Commonly knows as cranesbills, hardy geraniums are quick-growing, mounded perennials covered in five-petaled, veined flowers in shades of pink, purple, white, and blue. They produce an abundance of small flowers for over half the year, so the continual color is a true benefit.
Their common name of cranesbill comes from the shape of their seed pod, shown here in a great photo from robsplants.com:
We have members of the undemanding cranesbills filling holes and overflowing beds all over these gardens, since the plants thrive in moist soil.
Their foliage is pretty and varied, and also easy to prune. Cutting back these plants is essential, and I’ve divided them in the fall and pulled up dozens of volunteers as well. There are hundreds of varieties of hardy geraniums. I can’t identify the plants by their flower color and leaves alone (they were planted by other gardeners), but two of the varieties at Coppertop look a lot like Johnson’s Blue and Roxanne to me.

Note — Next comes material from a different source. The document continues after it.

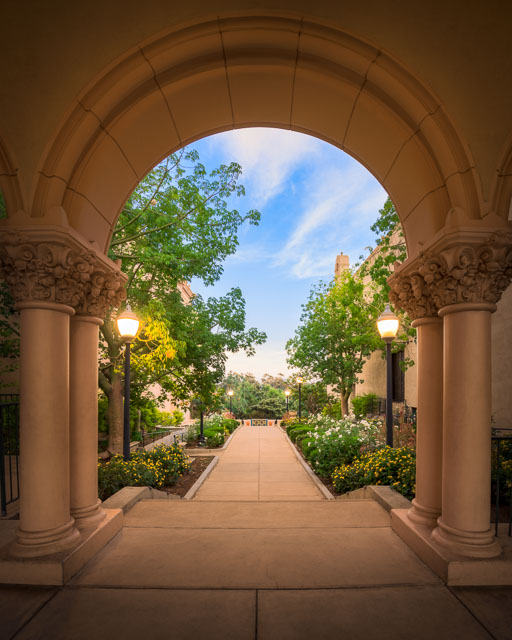 Arch surrounded by columns in Balboa Park with a pathway leading through it. Flowers line the path.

The foliage of the Geranium sanguineum is more spiky and delicate than the other varieties. I confess that last year I pulled up clumps of these, thinking they were weeds. Most have returned undaunted.

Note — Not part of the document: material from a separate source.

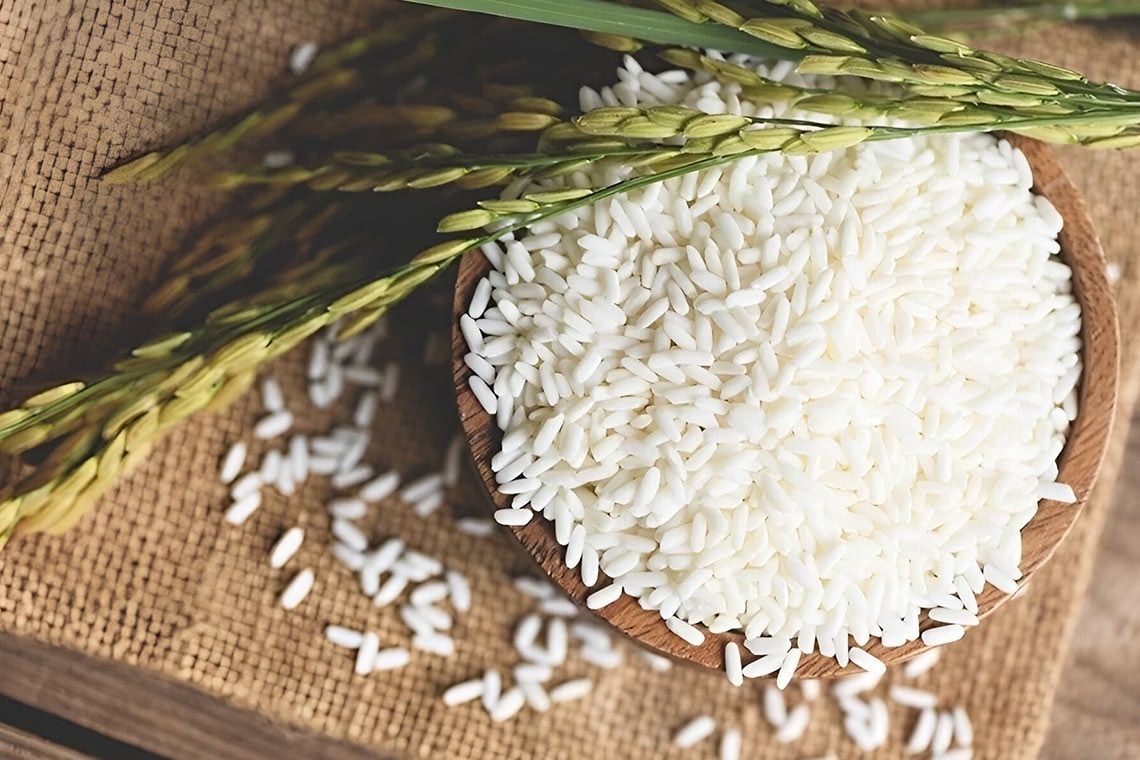 a man and a woman are paddling kayaks on a lake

Translated as bloody cranesbill, their green leaves darken to crimson in autumn, which is something I missed out on last fall. It’s this autumn coloring that has given the plant its name.

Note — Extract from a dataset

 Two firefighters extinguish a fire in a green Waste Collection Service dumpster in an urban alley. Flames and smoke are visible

I’ve never been a big fan of old-fashioned annual or summer “geraniums” in their orangey red shades, which are actually in the genus Pelargonium. Their furry leaves and strong aroma don’t appeal to me, but they are some folks’ idea of summer in a pot. In Italy we grew lovely ivy-leaved geraniums that trailed out of planters in the hot summer sun. I’ve also been attracted to gorgeous, scented-leaved geraniums and fancy-leaved zonal geraniums — all of which are actually pelargoniums, pretty much annuals in zone 8 and below, and none of which I grow at Coppertop. Maybe it’s time to change that and find some nicely scented beauties for my deck pots.